** The data follows **
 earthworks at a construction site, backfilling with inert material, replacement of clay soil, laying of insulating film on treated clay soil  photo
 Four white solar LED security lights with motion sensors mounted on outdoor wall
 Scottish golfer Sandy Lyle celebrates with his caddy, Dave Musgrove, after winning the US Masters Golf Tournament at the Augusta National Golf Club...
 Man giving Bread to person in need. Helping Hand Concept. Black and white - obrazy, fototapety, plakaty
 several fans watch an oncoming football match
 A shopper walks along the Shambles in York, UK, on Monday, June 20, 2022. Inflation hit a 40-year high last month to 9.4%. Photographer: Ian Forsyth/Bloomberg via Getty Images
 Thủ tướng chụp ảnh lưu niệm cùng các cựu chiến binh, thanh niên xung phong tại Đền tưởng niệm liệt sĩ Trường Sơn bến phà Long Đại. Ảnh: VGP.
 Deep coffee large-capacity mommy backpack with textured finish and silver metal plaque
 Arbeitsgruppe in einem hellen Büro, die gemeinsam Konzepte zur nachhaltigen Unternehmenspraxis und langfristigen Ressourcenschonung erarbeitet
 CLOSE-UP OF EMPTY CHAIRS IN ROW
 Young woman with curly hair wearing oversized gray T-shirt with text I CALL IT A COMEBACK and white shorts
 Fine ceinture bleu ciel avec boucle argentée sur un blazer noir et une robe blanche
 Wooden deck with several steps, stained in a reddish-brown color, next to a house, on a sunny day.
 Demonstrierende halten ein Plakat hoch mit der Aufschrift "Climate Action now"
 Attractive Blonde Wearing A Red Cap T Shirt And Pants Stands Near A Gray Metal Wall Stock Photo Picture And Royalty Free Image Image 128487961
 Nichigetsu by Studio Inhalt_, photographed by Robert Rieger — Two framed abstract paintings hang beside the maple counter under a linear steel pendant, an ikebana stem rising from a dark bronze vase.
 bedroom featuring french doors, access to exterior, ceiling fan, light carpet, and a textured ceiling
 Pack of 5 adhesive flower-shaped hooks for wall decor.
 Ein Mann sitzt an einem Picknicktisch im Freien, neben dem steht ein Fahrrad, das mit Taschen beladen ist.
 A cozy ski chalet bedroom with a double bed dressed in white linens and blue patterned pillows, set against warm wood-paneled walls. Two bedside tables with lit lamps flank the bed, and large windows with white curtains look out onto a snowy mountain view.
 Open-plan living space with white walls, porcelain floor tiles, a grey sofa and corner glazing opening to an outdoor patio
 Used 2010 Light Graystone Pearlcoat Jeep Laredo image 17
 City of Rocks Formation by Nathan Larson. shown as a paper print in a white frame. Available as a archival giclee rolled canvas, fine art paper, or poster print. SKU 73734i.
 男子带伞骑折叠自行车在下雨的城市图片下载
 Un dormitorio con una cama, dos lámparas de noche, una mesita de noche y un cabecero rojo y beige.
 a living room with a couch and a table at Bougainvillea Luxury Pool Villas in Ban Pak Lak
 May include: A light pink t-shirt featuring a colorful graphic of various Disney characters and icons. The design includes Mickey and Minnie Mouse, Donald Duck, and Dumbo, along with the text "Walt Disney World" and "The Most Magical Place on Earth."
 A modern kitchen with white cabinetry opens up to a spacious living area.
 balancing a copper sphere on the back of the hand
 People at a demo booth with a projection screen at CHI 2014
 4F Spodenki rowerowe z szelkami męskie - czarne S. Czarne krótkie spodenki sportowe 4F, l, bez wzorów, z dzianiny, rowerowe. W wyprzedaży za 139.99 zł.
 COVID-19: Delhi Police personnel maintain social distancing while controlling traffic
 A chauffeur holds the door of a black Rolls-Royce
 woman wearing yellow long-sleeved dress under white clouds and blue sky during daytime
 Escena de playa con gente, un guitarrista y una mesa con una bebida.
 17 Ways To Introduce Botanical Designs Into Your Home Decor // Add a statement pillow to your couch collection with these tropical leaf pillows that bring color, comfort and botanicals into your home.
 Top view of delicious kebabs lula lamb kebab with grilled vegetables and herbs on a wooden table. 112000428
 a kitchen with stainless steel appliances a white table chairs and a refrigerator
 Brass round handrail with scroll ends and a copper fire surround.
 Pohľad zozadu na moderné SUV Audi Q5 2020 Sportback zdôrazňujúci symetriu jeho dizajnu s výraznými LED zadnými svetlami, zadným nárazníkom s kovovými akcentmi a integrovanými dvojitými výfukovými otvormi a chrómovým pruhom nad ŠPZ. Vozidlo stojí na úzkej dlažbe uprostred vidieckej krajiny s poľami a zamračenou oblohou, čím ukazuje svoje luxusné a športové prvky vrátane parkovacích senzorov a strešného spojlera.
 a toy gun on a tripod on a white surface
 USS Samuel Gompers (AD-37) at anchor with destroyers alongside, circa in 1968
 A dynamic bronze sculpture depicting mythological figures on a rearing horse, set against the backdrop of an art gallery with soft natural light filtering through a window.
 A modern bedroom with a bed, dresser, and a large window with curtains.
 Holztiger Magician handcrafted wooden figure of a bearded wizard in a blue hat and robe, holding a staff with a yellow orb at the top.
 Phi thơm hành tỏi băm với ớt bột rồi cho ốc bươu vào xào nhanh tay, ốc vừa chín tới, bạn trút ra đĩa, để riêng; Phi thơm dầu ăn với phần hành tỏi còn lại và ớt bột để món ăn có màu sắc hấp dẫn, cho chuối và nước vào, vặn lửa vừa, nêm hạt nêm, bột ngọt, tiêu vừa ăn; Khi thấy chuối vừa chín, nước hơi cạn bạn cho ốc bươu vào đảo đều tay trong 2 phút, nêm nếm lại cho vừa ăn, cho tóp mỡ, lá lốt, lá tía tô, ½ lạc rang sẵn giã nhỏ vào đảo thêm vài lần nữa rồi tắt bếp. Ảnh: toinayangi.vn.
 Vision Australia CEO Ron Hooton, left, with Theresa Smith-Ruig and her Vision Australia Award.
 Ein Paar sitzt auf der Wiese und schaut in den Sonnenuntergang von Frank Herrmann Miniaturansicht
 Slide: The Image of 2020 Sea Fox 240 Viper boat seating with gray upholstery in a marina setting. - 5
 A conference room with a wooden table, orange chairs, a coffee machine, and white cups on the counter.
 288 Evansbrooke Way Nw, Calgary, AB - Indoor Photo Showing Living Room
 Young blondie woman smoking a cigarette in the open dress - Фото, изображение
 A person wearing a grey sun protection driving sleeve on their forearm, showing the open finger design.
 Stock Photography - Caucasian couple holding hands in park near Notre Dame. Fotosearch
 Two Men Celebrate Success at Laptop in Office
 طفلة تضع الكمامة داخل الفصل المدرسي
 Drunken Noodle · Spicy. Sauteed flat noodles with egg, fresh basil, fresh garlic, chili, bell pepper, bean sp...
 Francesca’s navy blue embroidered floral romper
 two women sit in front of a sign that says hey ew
** End of The data **
Look above for the line containing "Ein Mann sitzt" and the line containing "4F Spodenki rowerowe". Transcribe both, with the lines between them, exactly.

* Exercise solution *
 Ein Mann sitzt an einem Picknicktisch im Freien, neben dem steht ein Fahrrad, das mit Taschen beladen ist.
 A cozy ski chalet bedroom with a double bed dressed in white linens and blue patterned pillows, set against warm wood-paneled walls. Two bedside tables with lit lamps flank the bed, and large windows with white curtains look out onto a snowy mountain view.
 Open-plan living space with white walls, porcelain floor tiles, a grey sofa and corner glazing opening to an outdoor patio
 Used 2010 Light Graystone Pearlcoat Jeep Laredo image 17
 City of Rocks Formation by Nathan Larson. shown as a paper print in a white frame. Available as a archival giclee rolled canvas, fine art paper, or poster print. SKU 73734i.
 男子带伞骑折叠自行车在下雨的城市图片下载
 Un dormitorio con una cama, dos lámparas de noche, una mesita de noche y un cabecero rojo y beige.
 a living room with a couch and a table at Bougainvillea Luxury Pool Villas in Ban Pak Lak
 May include: A light pink t-shirt featuring a colorful graphic of various Disney characters and icons. The design includes Mickey and Minnie Mouse, Donald Duck, and Dumbo, along with the text "Walt Disney World" and "The Most Magical Place on Earth."
 A modern kitchen with white cabinetry opens up to a spacious living area.
 balancing a copper sphere on the back of the hand
 People at a demo booth with a projection screen at CHI 2014
 4F Spodenki rowerowe z szelkami męskie - czarne S. Czarne krótkie spodenki sportowe 4F, l, bez wzorów, z dzianiny, rowerowe. W wyprzedaży za 139.99 zł.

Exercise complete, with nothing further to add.